S (space) is recognized as a token only within markup.

S ::= (#x20 | #x9 | #xD | #xA | #x85 | #x2028 | #x2029)+

URLs are, for our purposes, just strings of characters.

URL ::= (CHAR - '>')*

2.3. Lexical forms and tokenizing

We distinguish various kinds of tokens and give them names:

EETAGO = "{"            // empty-element tag open and close
EETAGC = "}"
STAGO = "{"             // start-tag
STAGC = "{"
ETAGO = "}"             // end-tag
ETAGC = "}"
ITAGO = "}"             // suspend (interrupt) tag
ITAGC = "}"
RTAGO = "{+"            // resume-tag
RTAGC = "{"
STAGSO = "{|"           // start-tag for set
STAGSC = "|{"
ETAGSO = "}|"           // end-tag for set
ETAGSC = "|}"
VTAGO = "{^"            // virtual element tag open
VTAGC = "}"
VSEP = "^"              // virtual-element gi/target separator
SUFFIXSEP = "~"         // suffix separator (for self-overlap)
ERO = "{&"              // entity-reference open
ENVS = " . "            // entity name-value separator
ERC = "}"
EERO = "{<"             // external-entity reference open, close
EERC = ">}"
COMO = "{*"             // comment open, close
COMC = "*}"
MDO = "{!"              // markup declaration open, close
MDC = "!}"
CDATAMSO = "{#CDATA{"   // CDATA marked-section start, close
CDATAMSC = "}#CDATA}"

Since the user is not allowed to redefine these delimiters, this list and the names are provided primarily as a reference for programmers and out of habit; in the actual grammar below, we use the literals, rather than these names.

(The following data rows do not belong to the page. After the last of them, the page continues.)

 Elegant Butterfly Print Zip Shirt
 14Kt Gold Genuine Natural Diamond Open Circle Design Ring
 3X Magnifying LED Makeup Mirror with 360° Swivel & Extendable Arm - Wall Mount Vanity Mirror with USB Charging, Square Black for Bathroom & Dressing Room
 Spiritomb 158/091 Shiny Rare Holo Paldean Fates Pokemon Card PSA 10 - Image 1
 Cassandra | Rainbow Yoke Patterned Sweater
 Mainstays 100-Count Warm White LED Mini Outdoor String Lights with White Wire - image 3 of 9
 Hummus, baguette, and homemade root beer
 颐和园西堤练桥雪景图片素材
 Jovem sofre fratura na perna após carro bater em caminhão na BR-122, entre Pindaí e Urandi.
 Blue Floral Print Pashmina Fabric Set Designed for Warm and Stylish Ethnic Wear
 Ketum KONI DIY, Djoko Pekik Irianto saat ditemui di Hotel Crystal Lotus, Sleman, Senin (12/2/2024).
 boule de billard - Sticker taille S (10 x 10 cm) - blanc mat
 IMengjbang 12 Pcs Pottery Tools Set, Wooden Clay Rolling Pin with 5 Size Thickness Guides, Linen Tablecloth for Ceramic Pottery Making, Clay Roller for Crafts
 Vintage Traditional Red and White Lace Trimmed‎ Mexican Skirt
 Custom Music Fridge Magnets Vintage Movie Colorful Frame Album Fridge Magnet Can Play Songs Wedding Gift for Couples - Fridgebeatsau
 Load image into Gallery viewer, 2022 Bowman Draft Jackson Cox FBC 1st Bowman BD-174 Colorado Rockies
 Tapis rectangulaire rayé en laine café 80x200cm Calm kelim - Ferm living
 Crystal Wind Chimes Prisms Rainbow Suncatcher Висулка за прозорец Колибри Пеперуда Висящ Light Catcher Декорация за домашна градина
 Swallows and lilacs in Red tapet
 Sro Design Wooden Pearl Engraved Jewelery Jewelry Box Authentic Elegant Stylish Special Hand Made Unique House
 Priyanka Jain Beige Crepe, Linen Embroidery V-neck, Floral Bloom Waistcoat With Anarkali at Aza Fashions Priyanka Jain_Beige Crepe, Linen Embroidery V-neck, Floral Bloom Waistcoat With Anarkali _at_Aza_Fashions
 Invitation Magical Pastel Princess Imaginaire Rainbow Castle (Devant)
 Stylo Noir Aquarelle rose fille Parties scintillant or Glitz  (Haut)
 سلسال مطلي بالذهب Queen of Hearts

The lexical scanner will need to have different modes:

One mode for content, in which it returns
- '{' : the start of a start-tag (STAGO) or sole-tag (EETAGO)
- '{|' : the start of a start-tag for an unordered element (STAGSO)
- '{+' : the start of a resume-tag for an interrupted element (RTAGO)
- '{^' : the start of a tag for a virtual element (VTAGO)
- '{&' : the start of an internal entity reference (ERO)
- '{&#' : the start of a decimal character reference (DCRO)
- '{&#x' : the start of a hexadecimal character reference (HCRO)
- '{<' : the start of an external entity reference (EERO)
- '{*' : the start of a comment (COMO)
- '{!' : the start of a declaration (reserved for future use) (MDO)
- '{#CDATA{' : the start of a CDATA marked section (CDATAMSO)
- '}' : the start of an end-tag (ETAGO)
- '}|' : the start of an end-tag for an unordered element (ETAGSO)
- '}-' : the start of a suspend-tag for an interrupted element (ITAGO)
- CHAR : a data character (see below)
One mode for markup, in which it returns
- '{' : the end of a start-tag or resume-tag (STAGC, RTAGC)
- '|{' : the end of a start-tag for an unordered element (STAGSC)
- '|}' : the end of an end-tag for an unordered element (ETAGSC)
- '}' : the end of a virtual-element tag, sole-tag, suspend-tag, internal entity reference, character-reference, end-tag (VTAGC, EETAGC, ITAGC, ERC, CRC, ETAGC)
- '>}' : the end of an external entity reference (EERC)
- NAME : an identifier (see below)
- SUFFIX : an identifier suffix (see below)
- '=' : an attribute-value separator
- '.' : an entity-name-value separator
- QUOTED : a quoted string (for attribute values)
- S : white space (for some purposes need not be passed on, can be consumed by lexical scanner)
one mode for comments, in which it either scans to the end of the comment or returns
- '{*' : start of a new comment
- '*}' : end of a comment
one mode for CDATA sections, in which it returns
- '{#CDATA{' : start of a nested CDATA section
- '}#CDATA}' : end of a CDATA section

We do not define a mode for markup declarations. We simply rely on the rule that curly braces are not legal unless used as a delimiter or escaped.

2.4. Levels

2.4.1. Levels of abstraction

Since one of the goals of TexMECS is to devise a linear notation for non-linear objects (the GODDAG structure), we are apt to fall prey to confusion if we don't carefully distinguish the linear features of the markup language from the non-linear features of the implicit data structure.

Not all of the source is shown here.